Uang sebesar SGD5.000 dan US$15.000 itu diberikan melalui Otto Cornelis Kaligis dan anak buahnya yang bernama M Yagari Bhastara Guntur alias Gary.

Menurut jaksa Mochamad Wiraksajaya di Pengadilan Tindak Pidana Korupsi (Tipikor) Jakarta, Kamis 8 Oktober 2015., pemberian uang itu dimaksudkan untuk memengaruhi putusan yang diperiksa dan diadili oleh Tripeni selaku Ketua Majelis Hakim, ditemani Hakim Anggota Dermawan Ginting dan Amir Fauzi serta Syamsir Yusfran sebagai Panitera.

Yaitu untuk mempengaruhi keputusan atas permohonan pengujian kewenangan Kejaksaan Tinggi Sumatera Utara sesuai dengan Undang-Undang Nomor 30 Tahun 2014 tentang Administrasi Pemerintahan atas Penyelidikan tentang Dugaan Terjadinya Tindak Pidana Korupsi Dana Bantuan Sosial (Bansos), Bantuan Daerah Bawahan (BDB), Bantuan Operasional Sekolah (BOS) dan Penahanan Pencairan Dana Bagi Hasil (DBH) dan Penyertaan Modal pada sejumlah BUMD pada Pemerintah Provinsi Sumatera Utara,.

Jaksa mengatakan, awal mula tindak pidana itu terjadi ketika Kepala Biro Keuangan Pemprov Sumut, Ahmad Fuad Lubis dan Plh Sekretaris Daerah Pemprov Sumut mendapat panggilan permintaan keterangan dari pihak Kejaksaan Tinggi Sumut pada sekitar bulan Maret 2015.

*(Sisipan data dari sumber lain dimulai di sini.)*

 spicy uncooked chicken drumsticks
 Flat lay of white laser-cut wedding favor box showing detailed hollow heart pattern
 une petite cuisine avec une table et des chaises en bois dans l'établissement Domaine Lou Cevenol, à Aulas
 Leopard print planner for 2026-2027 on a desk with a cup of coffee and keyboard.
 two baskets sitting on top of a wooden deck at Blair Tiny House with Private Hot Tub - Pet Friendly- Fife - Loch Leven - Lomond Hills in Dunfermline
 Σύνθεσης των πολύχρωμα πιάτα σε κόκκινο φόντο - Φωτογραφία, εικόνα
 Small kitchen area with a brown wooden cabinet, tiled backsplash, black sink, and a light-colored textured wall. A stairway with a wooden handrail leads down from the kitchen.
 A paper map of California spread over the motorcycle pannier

Panggilan itu terkait dugaan terjadinya Tindak Pidana Korupsi Dana Bantuan Sosial (Bansos), Bantuan Daerah Bawahan (BDB), Bantuan Operasional Sekolah (BOS) dan tunggakan Dana Bagi Hasil (DBH) serta Penyertaan Modal pada sejumlah BUMD pada Pemerintah Provinsi Sumatera Utara.


Mengetahui adanya surat panggilan itu, Gatot merasa khawatir perkara tersebut akan mengarah kepada dirinya. Oleh karena itu, Gatot bersama istrinya Evy, kemudian menemui Kaligis untuk berkonsultasi. Kaligis lantas mengusulkan permohonan pengujian kewenangan Kejaksaan Tinggi ke PTUN Medan.


Selain itu, Kaligis juga menyarankan agar Ahmad Fuad Lubis serta Sabrina tidak memenuhi panggilan Kajati. Hal itu disetujui Gatot dan Evy.


Sebagai syarat pengajuan gugatan ke PTUN, Ahmad Fuad Lubis lalu menandatangani surat kuasa kepada Tim Penasehat Hukum yang terdiri dari OC Kaligis, Rico Pandeirot, Yulius Irawansyah, Anis Rifai dan Gary. Surat kuasa ditandatangani atas permintaan Gatot di sebuah rumah makan pada bulan April 2015.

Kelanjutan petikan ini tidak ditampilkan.